There are two types of Immunosuppressants. Induction drugs is a powerful anti-rejection medication used at the time of the operation. Maintenance drugs are antirejection medications that are taken for the long term. There are usually for classes of maintenance drugs; Calcineurin Inhibitors, these include Tacrolimus and Cyclosporine. Antiproliferative agents which include Mycophenolate Mofetil, Mycophenolate Sodium, and Azathioprine. mTOR inhibitor consists of Sirolimus and Steroids e.g. Prednisone. Some other medicines, food, and supplements may help regulate the levels of immunosuppressants in the blood. The common ones include erythromycin, anti-TB (tuberculosis) drugs, anti-seizure medicines, and common blood pressure medicines e.g. Cardizem and Verapamil or diltiazem (Petechuk, 2006). Natural remedies include grapefruit juice, St. John’s Wort amongst others.
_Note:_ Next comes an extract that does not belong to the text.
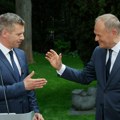 Peter Mađar u Varšavi razgovarao sa Tuskom: „Članice EU mogu suvereno da odluče od koga će kupovati energente“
After an organ transplant, a majority of patients quickly regain the feeling of wellbeing. However, they are likely to face massive health challenges. Apart from taking the immunosuppressant drugs for a lifetime, one may also need to take other medication to aid the ‘anti-rejection” drugs do their job or to minimize their side effects (Klein, Lewis, & Madsen, 2011). After a transplant, it is vital for a patient to attend all their doctor appointments and undergo the necessary lab tests as recommended by doctors. The patient should also faithfully take their prescription drugs. It is also important for organ recipients to understand their medication manage their medical schedule, and comprehend how the medicine works as well as learning what the side effects and interaction are, their symptoms and how to handle them. Once a doctor has identified a rejection he/she will attempt to reverse the situation by adjusting the medication. The doctor may switch to a new drug, add another drug or prescribe larger or smaller dose of the drug. During the first few months after a transplant, the doctors will frequently assess the health of the transplanted organ. It is advised to keep healthy habits to enable the body function as optimally as possible.
Wilkes, D. & Burlingham, W. (2004). Immunobiology of organ transplantation (1st ed., pp. 77,110,122). New York: Kluwer Academic/Plenum Publishers.
Subramaniam, K. & Sakai, T. (2016). Anesthesia and perioperative care for organ Transplantation (1st ed., p. 63). New York, NY: Springer.
Petechuk, D. (2006). Organ transplantation (1st ed., pp. 56,79,91). Westport, Conn.: Greenwood Press.
Klein, A., Lewis, C., & Madsen, J. (2011). Organ transplantation (1st ed., pp. 333,360). Cambridge, UK: Cambridge University Press.